E, risalendo nel tempo (2012-2013), il Gruppo interzonale sulla partecipazione degli stessi ComitatixMilano affermava «C’è una crisi di fiducia fondamentalmente basata sul fatto che non c’è partecipazione e non si sanno le cose».

Ancora, nel documento che sintetizzava gli esiti della prima «Due giorni per Milano. Riflessione e confronto per una città partecipata» (2011) si può leggere: «Milano nel 2016 sarà una città partecipata se i cittadini avranno avuto ambiti per incontrarsi e confrontarsi su problemi specifici della comunità cittadina tra loro e con la pubblica amministrazione (processi di partecipazione alle scelte)».

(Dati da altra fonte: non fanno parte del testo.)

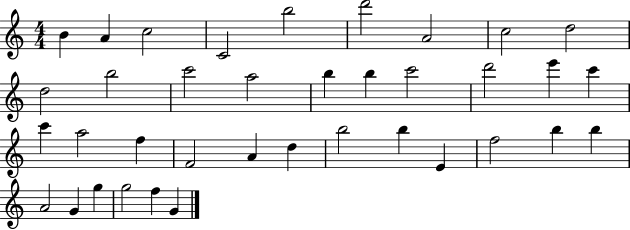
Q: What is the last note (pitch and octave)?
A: G4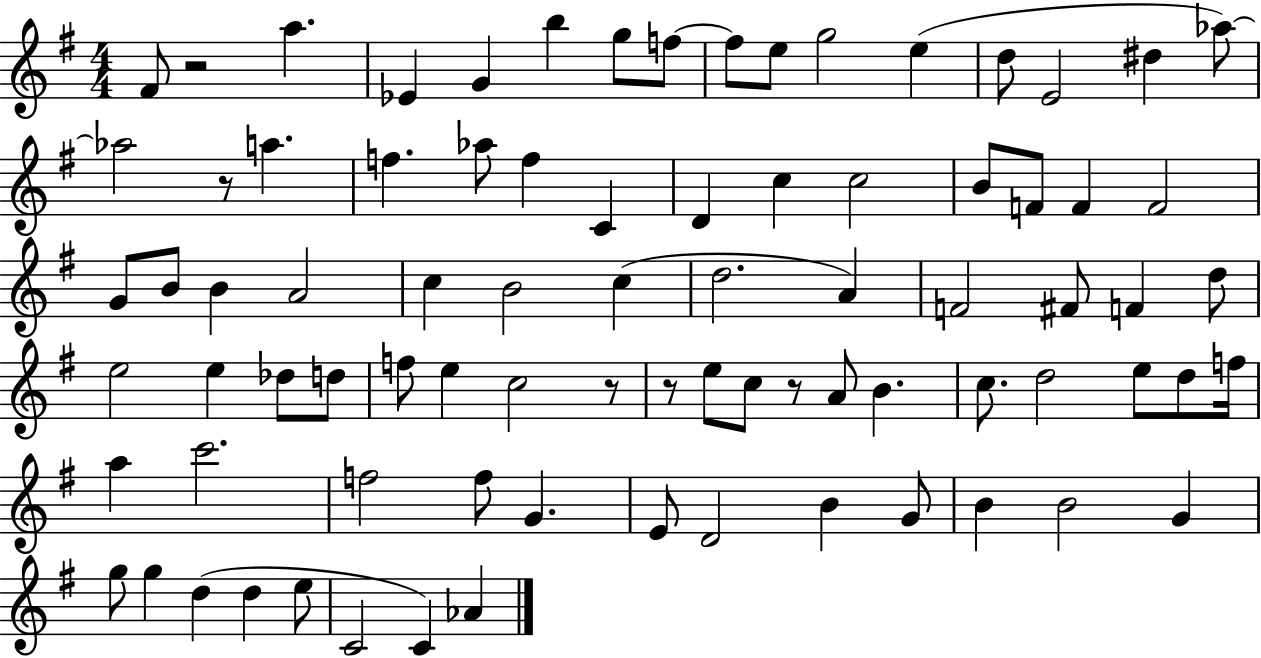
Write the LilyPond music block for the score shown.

{
  \clef treble
  \numericTimeSignature
  \time 4/4
  \key g \major
  \repeat volta 2 { fis'8 r2 a''4. | ees'4 g'4 b''4 g''8 f''8~~ | f''8 e''8 g''2 e''4( | d''8 e'2 dis''4 aes''8~~) | \break aes''2 r8 a''4. | f''4. aes''8 f''4 c'4 | d'4 c''4 c''2 | b'8 f'8 f'4 f'2 | \break g'8 b'8 b'4 a'2 | c''4 b'2 c''4( | d''2. a'4) | f'2 fis'8 f'4 d''8 | \break e''2 e''4 des''8 d''8 | f''8 e''4 c''2 r8 | r8 e''8 c''8 r8 a'8 b'4. | c''8. d''2 e''8 d''8 f''16 | \break a''4 c'''2. | f''2 f''8 g'4. | e'8 d'2 b'4 g'8 | b'4 b'2 g'4 | \break g''8 g''4 d''4( d''4 e''8 | c'2 c'4) aes'4 | } \bar "|."
}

Arrivando alle conclusioni di questo contributo (e in continuità con quello ospitato da questa rivista nel 2014), le vicende nazionali e quelle meneghine (nonché l’intensificarsi dell’astensione dal voto registrato al termine della recente tornata elettorale) impongono una riflessione non estemporanea su quelle che, parafrasando il titolo di un celebre film di Sorrentino, definiamo come le conseguenze della partecipazione che si instaura in condizioni di squilibrio fra governo e cittadini con evidente supremazia del primo sui secondi. Per riferirsi a tale partecipazione Gangemi (2009), impiegando un’espressione coniata da Arnstein, parla di tokenism, «termine con cui si intende la pratica di produrre i vari tipi di moneta che non hanno in sé valore – i soldi del monopoli, i gettoni per i giochi d’azzardo come il poker, etc. – ma hanno valore solo nel contesto in cui sono usati …». Lo stesso autore, per esemplificare icasticamente la sfiducia nei confronti dei politici che, negli anni ’60, invitavano alla partecipazione «e, spesso, finivano per manipolare ad altri scopi le motivazioni ideali di chi partecipava», trascrive il manifesto divenuto popolare in tutto il mondo dopo il maggio francese del 1968: «Je participe, tu participe, il participe, nous participons, vous participez, ils profitent» (ibidem).

Superare il tokenism e impegnarsi nella costruzione di nuovi equilibri tra partecipazione e rappresentanza costituisce la nuova frontiera della democrazia. Tale impegno deve configurarsi come elemento strategico quanto ordinario di un fare politica promosso e sostenuto dalle istituzioni. A condizione che delle voci dei partecipanti al dialogo si faccia un uso competente quanto scientificamente adeguato all’oggetto dei processi partecipativi sfociando nella generazione di regole discendenti non dall’aggregazione delle preferenze, ma dalla loro trasformazione attraverso il dialogo stesso.

L’alternativa potrebbe diventare la speculare impotenza dei cittadini e dei governi magistralmente descritta da Saramago nel “Saggio sulla lucidità“.